--- TASK MATERIAL ---
● ● ●
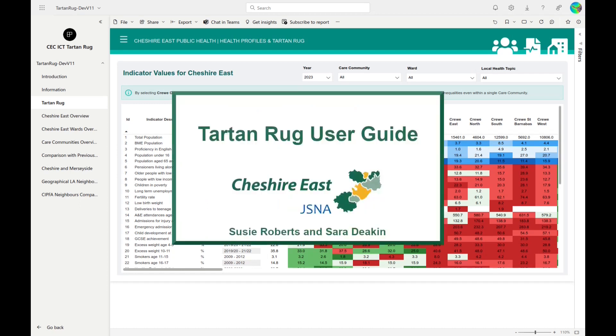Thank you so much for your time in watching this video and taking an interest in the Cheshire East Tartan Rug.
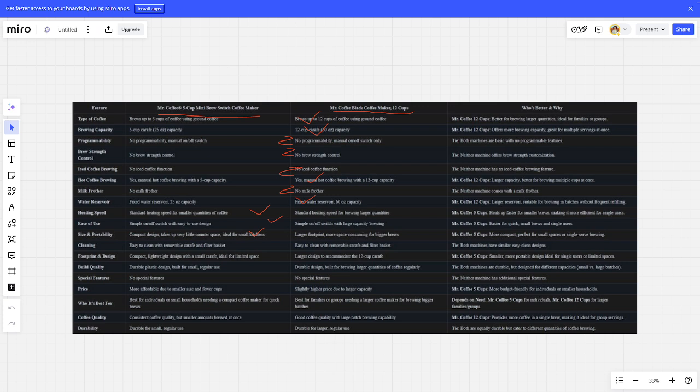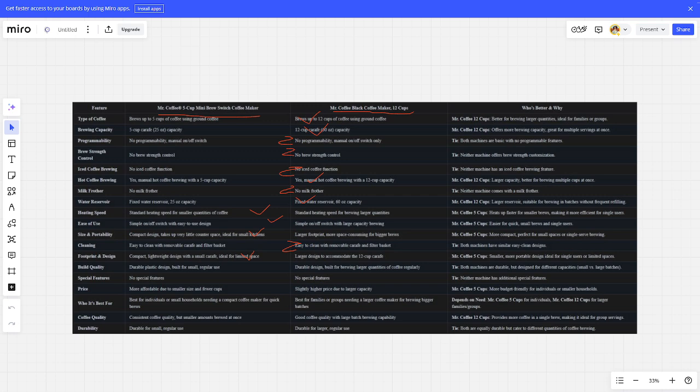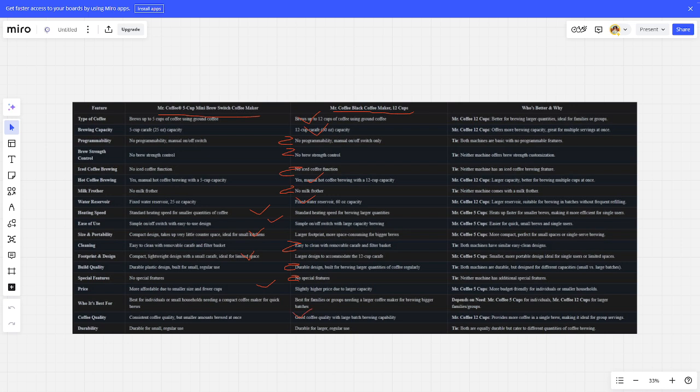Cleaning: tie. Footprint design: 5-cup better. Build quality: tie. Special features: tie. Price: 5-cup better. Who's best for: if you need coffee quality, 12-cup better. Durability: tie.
● ● ●
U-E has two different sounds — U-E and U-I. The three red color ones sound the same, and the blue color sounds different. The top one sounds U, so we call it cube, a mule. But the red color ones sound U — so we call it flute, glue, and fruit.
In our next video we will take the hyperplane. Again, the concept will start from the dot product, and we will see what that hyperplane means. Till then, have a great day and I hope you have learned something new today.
● ● ●
--- WORK TO BE COMPLETED ---
Print, word for word, the lines above that run from the line containing "Thank you so" to the line containing "Cleaning: tie. Footprint", both included. Keep the pictures out.

--- ANSWER SPACE ---
Thank you so much for your time in watching this video and taking an interest in the Cheshire East Tartan Rug.
Cleaning: tie. Footprint design: 5-cup better. Build quality: tie. Special features: tie. Price: 5-cup better. Who's best for: if you need coffee quality, 12-cup better. Durability: tie.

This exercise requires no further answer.